海へ出て育って、産まれた川へ戻ってくる魚、サケの孵化放流事始めの話の続き。
無数の卵から極一部の個体が生き延びて、それが故郷の川を上ってまた卵を産む。
生命の連鎖の、危ういようでいて力強いつながり方を、あたかも神様が“絵解き”
したかのような不思議な生態だ。正に神の魚=カムイチェプの名にふさわしい。

ヒトとて同じ摂理の下に生命をつないでいる生き物である。星野道夫が繰り返し、
角度を変えながら自らの身体で確かめ、つむぎ出した「物語」は、それだった。

歳月の経過は、絵空事ではない。不可逆な時間は、そこに在る。数年間の歳月は、
人を取り巻く環境を変える。死にゆく人もあれば見違えるほどに育つ子供もいる。
今日は、個人の人生のスケールと時間の経過というものについて考えさせられる
お芝居を観てきた。

■南果歩 一人芝居「幻の光」(シアタートラム)

原作は、よく知られた宮本輝氏の短編だ。

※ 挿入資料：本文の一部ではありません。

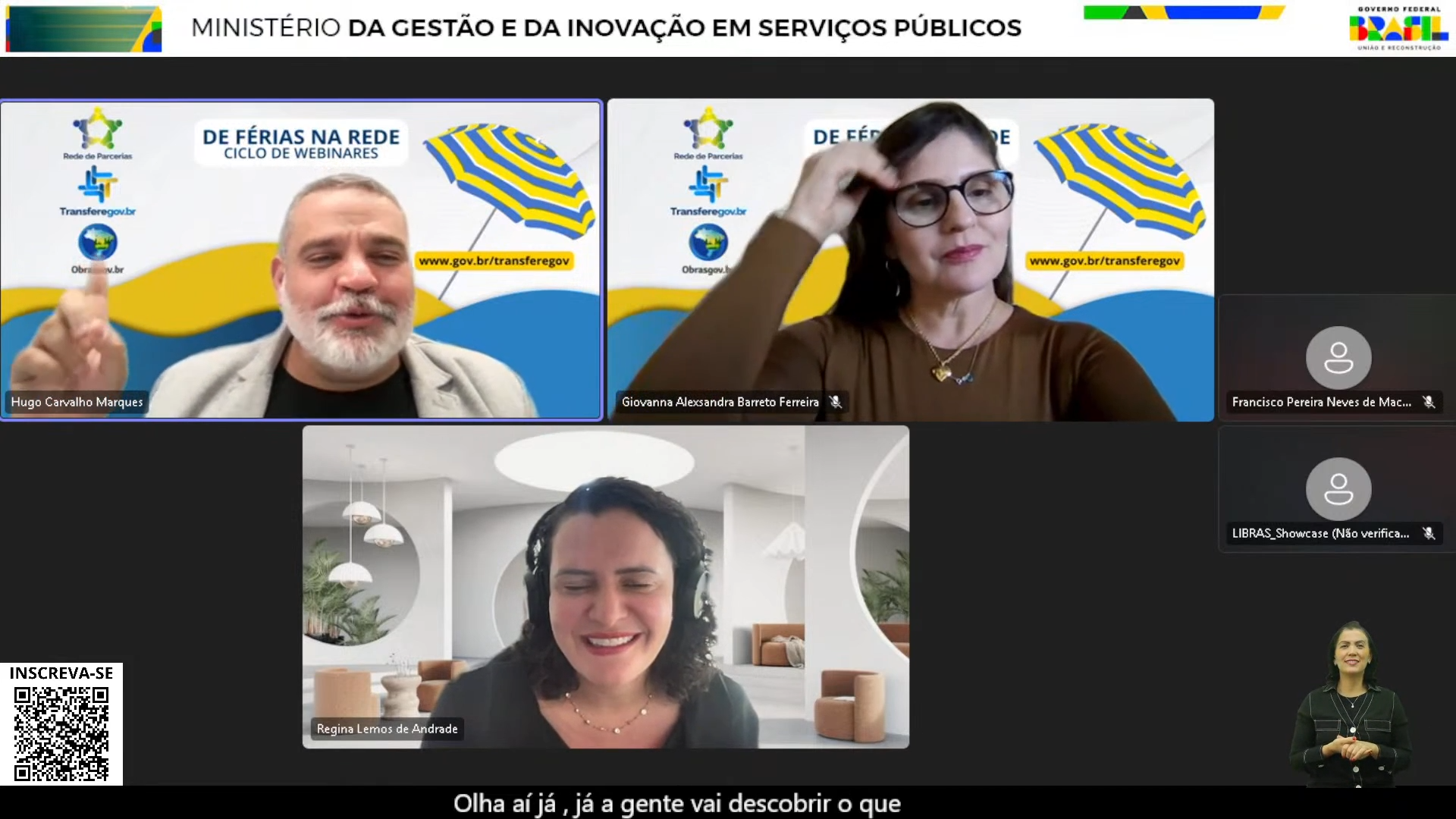 17/07/2025 - De Férias na Rede de Parcerias _ Obrasgov.br _ Episódio 5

是枝裕和氏の手で映画にもなっている。
この芝居は、その短編を“原作”にして一人芝居の戯曲にした、というものでは
なく、語りのスタイルで書かれている短編小説そのものを、南果歩さんが頭から
おしまいまでまるごと記憶し、演じるというもの。96年が初演で、今回は再演。

6年ぶり、パンフレットの彼女自身の言葉に拠れば、「5年3ヶ月ぶり」という
スパンは役者さんにとって、そして観客にとって、あるいは日本にとって、一体
どんな歳月だったのだろうか。そんな想いを抱かずにいられない時間の長さだ。

初演から「5年3ヶ月ぶり」に観る「幻の光」は南果歩さんの演技の熟成の結果
なのか、観客である僕の側の歳月の経過による人生経験のせいなのか、深く濃密
な質量を伴って味わうことが出来た。本物の役者さんの語りの威力はすごいもの
で、とりわけ南果歩さんは、尼崎弁のイントネーションと、その声が素晴らしい。
演技も流石に巧くて、映像でも舞台でも、演出家に信頼される役者さんだろう。
僕を舞台演劇に近づけた女優さんだと言って間違いないくらいに、彼女が好きだ。

「幻の光」は、宮本輝という作家の“存在意義”を煮詰めたような名篇だと思う。
尼崎と能登半島というトポスの軸も巧いし魅力的だ。宮本輝氏の小説は、沢山の
固定ファンを持っている。ある切実さを持って、彼の作品を読まずにいられない
心持ちの時が、僕にも時々訪れる。言ってみれば「魂の常備薬」のような作家だ。
知的に楽しむとか感覚的に愉しむとかいうよりも、深い部分に“効く”小説。

言ってみれば「泥の川」の頃に仕込んだ自慢の“出汁”を薄めながら種を変えて
グツグツ煮込んで、いつもの味を食わせてくれる、おでんやさんみたいな存在。
池澤御大も『真昼のプリニウス』や『タマリンドの木』の“変奏曲”を、ネタを
変えながら10年くらいコンスタントに出し続ければ、20代〜30代の女性の
“魂の常備薬”作家になれたかもしれない。それを望んだファンも多いだろう。
そのへんの機微は、今度『Switch』から出るインタビュー集で復習できるはず。

歳月は必ずしも敵ではない、そして味方とも限らない。でも間違いなくリアルだ。